Processors that develop and implement environmental sampling programs need to take care in setting up the programs. Sadly, companies still do environmental sampling simply to meet the demands of a customer or to meet an audit requirement. With such programs, one size does not fit all. The plan needs to be designed to gather specific information for that facility so that decisions can be made on whether the programs in place are effective. An environmental monitoring program should be much more than simply “gathering data.” How has the number of audits increased since the peanut scandal? How have these audits changed in what they are asking from their suppliers?
The number of audits may have actually decreased given the emphasis of the GFSI audit schemes and the International Organization for Standardization’s ISO 22000. In the past, one of the complaints many processors had with regard to third-party audits was that there were simply “too many of them.”
I have personally spoken to several quality managers who have told me that they were averaging one to two audits per month. Each customer would want to do their own audit, plus there were others who required third-party audits, which were not always the same one. In fact, some processors maintain multiple sets of quality manuals designed to meet audit firms’ different requirements.
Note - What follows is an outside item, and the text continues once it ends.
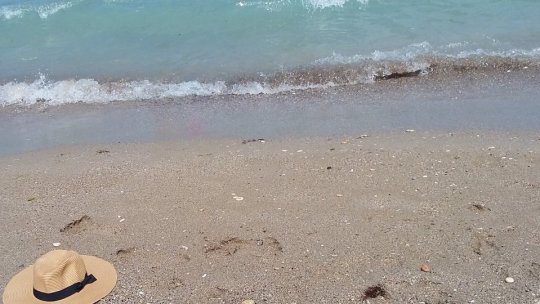 Hotelierii din Bulgaria vor să atragă cât mai mulţi români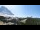 Webcam in Grindelwald, 3.2 km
This situation underscores one problem with many audit schemes: proscriptive protocols. Ideally, audits should be designed to make sure that processors have the necessary elements in their quality, safety and sanitation programs, and that they are effective. They should not define how the elements that make up these programs should be set up.
The ISO 22000 standard, "Food Safety Management Systems — Requirements for Any Organization in the Food Chain," was finalized in September 2005. This standard and the GFSI-approved schemes impose a greater discipline on managing food safety. As few as 10 years ago, audits were the bailiwick of the quality manager. This person worked with the auditor throughout the audit and was the source of all information.
ISO 22000 and GFSI schemes almost mandate that companies manage food safety as a team. There is simply too much for one person to do. The basic elements of these programs include management support; development of documented procedures; training persons on said procedures; monitoring and recordkeeping to ensure procedures are being followed; verification activities to ensure the system is working, including internal audits; and management reviews from which programs are derived to ensure that the system is improving.